To celebrate the arrival of Damien to television screens we share our picks for the 11 most memorable incarnations of the Devil onscreen.
We could have done 20 or 30 if we wanted, but here’s a nice balance of obscure, popular, and offbeat examples. Now join us on a journey of darkness, madness, and the occasional chuckle.
Dave Grohl in Tenacious D & the Pick of Destiny
Say what you will about the rest of the film, but it’s hard to deny the juvenile joy of Tenacious D and the Pick of Destiny‘s climactic battle with Beelzeboss. Foo Fighters frontman Dave Grohl has an absolute blast playing the big red guy, and he even provides drums for the film’s soundtrack. It’s a bummer that Jables and the Rage Cage decided to remake the storyline from their HBO show, but at least it gave us this goofy rock-off with the Devil (who loves metal). His foul-mouth and fast licks are more than worthy of the prince of darkness. [Drew Dietsch]
Daniel von Bargen in O’ Brother, Where Art Thou?

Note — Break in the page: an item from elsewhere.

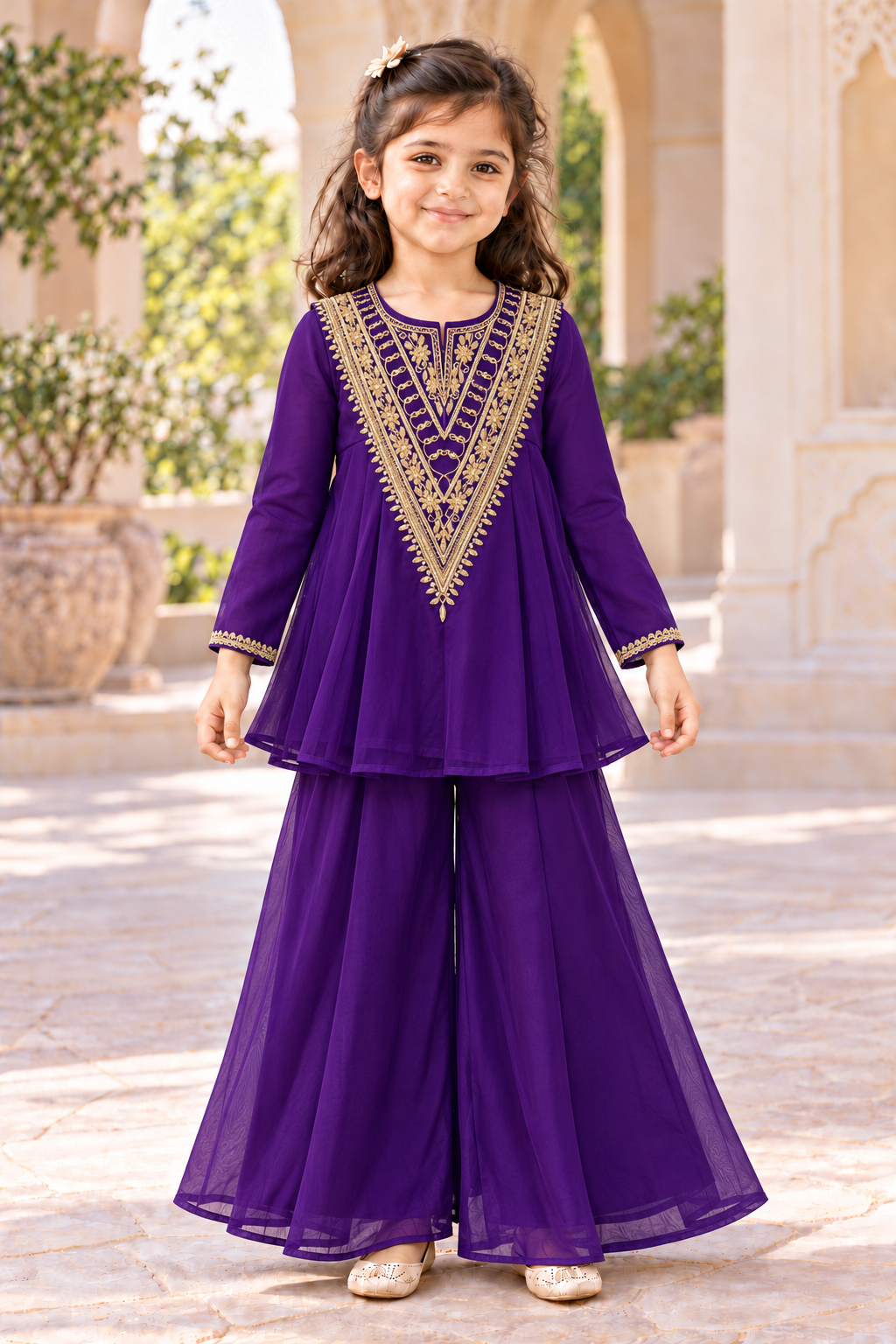 Girl wearing a deep purple organza flared top and matching palazzo trousers, front view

In this Southern musical masterpiece, the Coen brothers introduced us to escaped convicts Everett (George Clooney), Pete (John Turturro), and Delmar (Tim Blake Nelson). After hiding in a barn that belongs to Pete’s cousin, the three bumbling convicts are rudely awoken by the megaphoned voice of Sheriff Cooley (Daniel von Bargen). Cooley is a vision of evil, eyes hidden behind black mirrored sunglasses as his deputies light the barn ablaze. Everett and the boys escape by the skin of their teeth, and the next morning, they meet Tommy Johnson (Chris Thomas), a well-dressed black guitar player.

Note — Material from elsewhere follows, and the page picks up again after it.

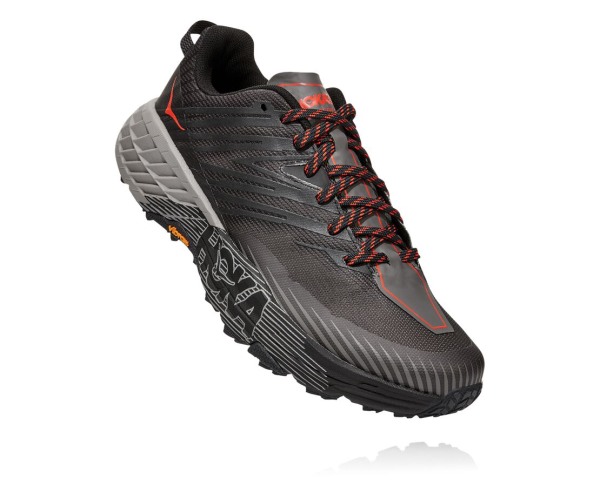 Hoka One One Speedgoat 4 Mens UK - Grey Trail Running Shoes - XJKIF0672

Tommy Johnson is inspired by real-life blues player Robert Johnson, who claimed to have met the Devil at a crossroads at midnight to sell his soul for musical success. It must’ve worked, because Robert Johnson is still talked about today as a real life legend of Delta blues and the influential writer of songs like “Cross Road Blues” and “Hellhound on my Trail.” When Tommy confesses to the convicts that he’s sold his soul to the Devil, the convicts balk. Pete asks Tommy what the Devil looks like, and know-it-all Everett interjects, “The great Satan hisself is red and scaly with a bifurcated tail, and he carries a hay fork.” Tommy shakes his head and corrects him — “No, sir. He’s white, as white as you folks, with empty eyes and a big hollow voice. He likes to travel around with a mean old hound.”
As you might’ve guessed, this is Sheriff Cooley to a “t.” Daniel von Bargen plays him to perfection, staring blankly from under his wide-brimmed fedora and leading around a big bloodhound — a hellhound on the convicts’ trail. Cooley is just one of several villains that Everett and his gang encounter on their odyssey, but the devilish Sheriff Cooley is the most sinister. [Travis Newton]
Silvia Pinal in Simon of the Desert
The Devil sure can be sexy. In Luis Buñuel’s surreal film Simon of the Desert, Silvia Pinal plays a fierce, spitfire version of Satan that is at times seductive, disgusting, foul and very tempting. Her version of Lucifer is a female that takes many forms. She takes pleasure in tormenting the holy man Simon as he stands atop his pillar of righteousness, and every time she approaches the benevolent martyr, she manages to destroy him more and more. The film touches on many of the familiar subjects we see in Buñuel’s film work to include naive characters, self-righteous fools, abusive temperaments and sexually powerful women.
Silvia Pinal looks like she is having a blast in this performance. Her Devil first shows up as a woman carrying water, and next as a not at all innocent student hiking up her skirt to tempt Simon. The next time we see her try to make our main character lose his faith, she appears at the shepherd image of Christ and immediately blows her top and kicks a lamb. The final temptation of Simon sees the she-devil transported across the sands in a coffin, and when she finally makes the man stray from the path of righteousness, the two are transported into the hip 1960s. In a tale that begins like The Greatest Story Ever Told and ends with a Mad Men dance party, Buñuel’s Simon is a brilliant film and Pinal’s Satan is pure gold. [Andrew Hawkins]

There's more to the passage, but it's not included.